Pour l'année 2009, les dernières prévisions disponibles, établies au début du mois de septembre 2008, s'établissent, au sein du consensus, entre 0,6 % (Oddo Securities) et 1,6 % (Total). Le projet de loi de finances pour 2009 a été construit sur une hypothèse de 1 % de croissance. Ces prévisions n'ont pas encore tiré toutes les conséquences de la crise financière. Le FMI prévoit désormais une croissance de 0,2 % en France en 2009.

Faute de visibilité, on ne peut à ce stade formuler que des hypothèses sur l'évolution de la croissance.

a) Prendre en compte l'acquis de croissance 2008

Bien que la prévision de croissance pour 2009, exprimée en moyenne annuelle, soit analogue à la prévision de croissance pour 2008, elle suppose une croissance de trimestre à trimestre significative pour compenser l'acquis de croissance nul voire négatif issu de 2008.

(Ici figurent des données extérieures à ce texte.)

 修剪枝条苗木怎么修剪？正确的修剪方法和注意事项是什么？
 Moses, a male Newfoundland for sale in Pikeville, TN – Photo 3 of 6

Cette croissance de trimestre à trimestre devrait être en 2009 de l'ordre de 0,4 % ou 0,5 %, pour que la croissance en moyenne annuelle soit bien de 1 % en 2009.

b) Pétrole, euro, taux d'intérêt : des facteurs de soutien en 2009 ?

L'évolution du prix du pétrole, du taux de change de l'euro, et des taux d'intérêt constituent des facteurs susceptibles de soutenir la croissance en 2009.

Ainsi, un euro vaut, au 13 octobre 2008, 1,36 dollar, et le prix du baril de Brent est repassé sous la barre des 90 dollars (80 dollars au 13 octobre 2008).

On rappelle que, selon les estimations usuelles, la première année :

- un prix du pétrole inférieur de 10 dollars aux prévisions ou une baisse des taux d'intérêt (courts et longs) de 100 points de base (ou une croissance de l'économie des Etats-Unis supérieure de 1 point) augmentent la croissance du PIB de la zone euro et de la France d'environ 0,25 point ;

- une dépréciation de l'euro contre toutes les monnaies de 10 % augmente la croissance du PIB de la zone euro de 0,5 point.

Il n'est pas possible d'additionner les impacts des différents phénomènes. Mais ces facteurs de soutien de l'économie pourraient jouer un rôle stabilisateur, alors même qu'ils pourraient être paradoxalement la conséquence d'un ralentissement important de l'économie mondiale, en particulier européenne.

* 3 Le PIB de l'année n-1 peut être considéré comme un « escalier » constitué de quatre « marches », et celui de l'année n comme un palier. Le « palier » étant plus élevé que la moyenne des quatre marches, puisqu'il est au niveau de la 4 e marche, il y a nécessairement croissance du PIB en moyenne annuelle. Les économistes appellent « acquis de croissance » la croissance en moyenne annuelle qui serait enregistrée une année donnée, dans l'hypothèse où la croissance trimestrielle serait nulle.